▶ What you need to do
The required output holds only the lines from the one containing "Torcida do Flamengo" through the end of the material below, copied exactly, please, with no pictures.

* * *

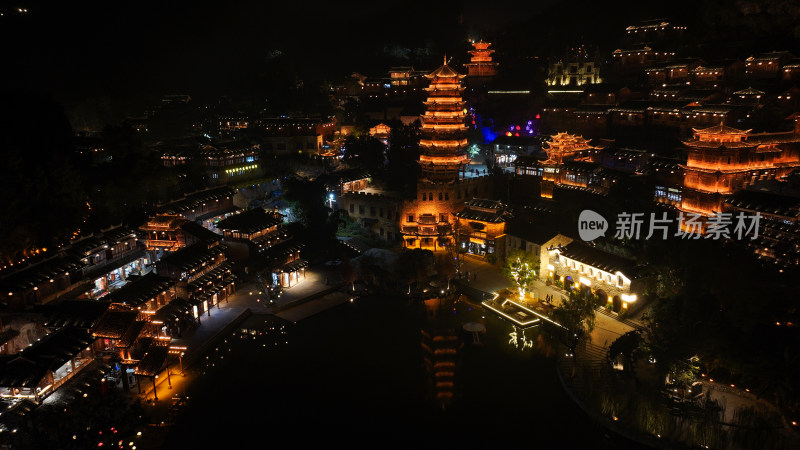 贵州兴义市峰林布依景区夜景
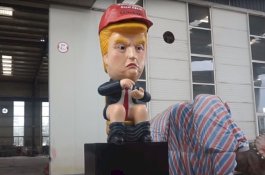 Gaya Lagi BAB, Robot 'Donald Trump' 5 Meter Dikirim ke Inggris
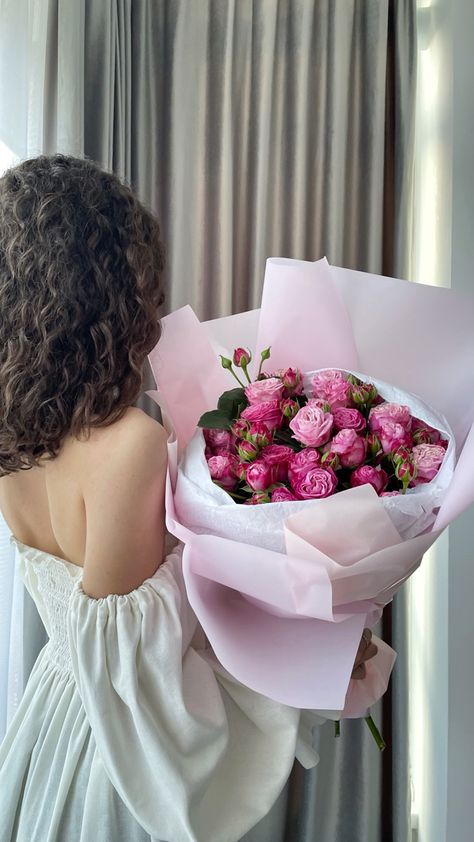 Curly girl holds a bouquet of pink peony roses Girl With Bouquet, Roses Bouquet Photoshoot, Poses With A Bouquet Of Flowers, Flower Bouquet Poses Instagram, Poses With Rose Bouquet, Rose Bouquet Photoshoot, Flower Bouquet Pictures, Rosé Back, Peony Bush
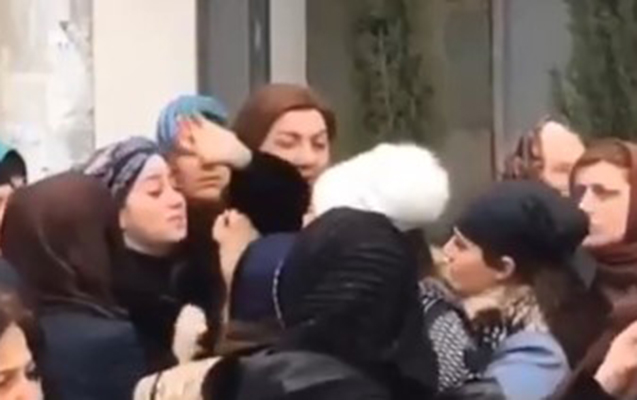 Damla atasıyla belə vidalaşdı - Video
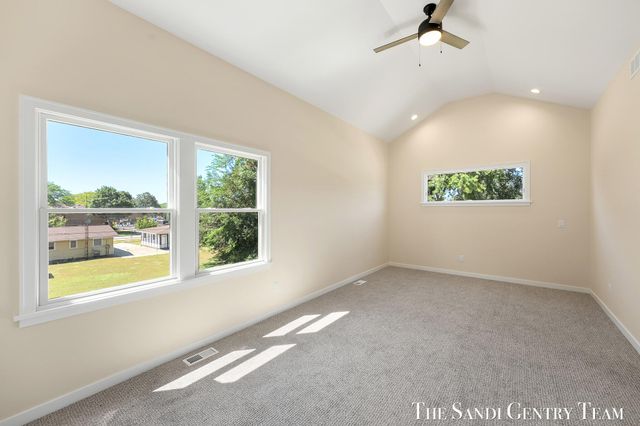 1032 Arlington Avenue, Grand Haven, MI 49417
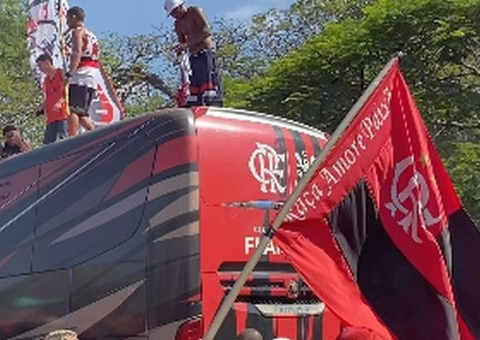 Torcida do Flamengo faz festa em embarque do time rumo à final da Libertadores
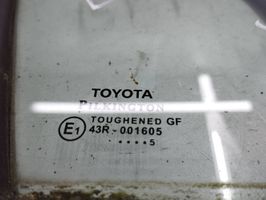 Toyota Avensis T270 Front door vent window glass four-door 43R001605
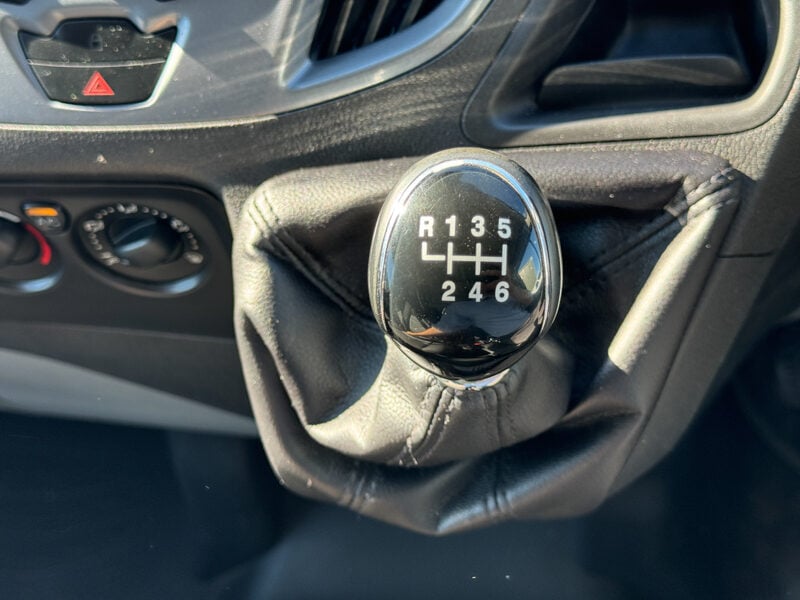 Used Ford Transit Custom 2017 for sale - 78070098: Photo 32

* * *

▶ Solution for this task
 Torcida do Flamengo faz festa em embarque do time rumo à final da Libertadores
 Toyota Avensis T270 Front door vent window glass four-door 43R001605
 Used Ford Transit Custom 2017 for sale - 78070098: Photo 32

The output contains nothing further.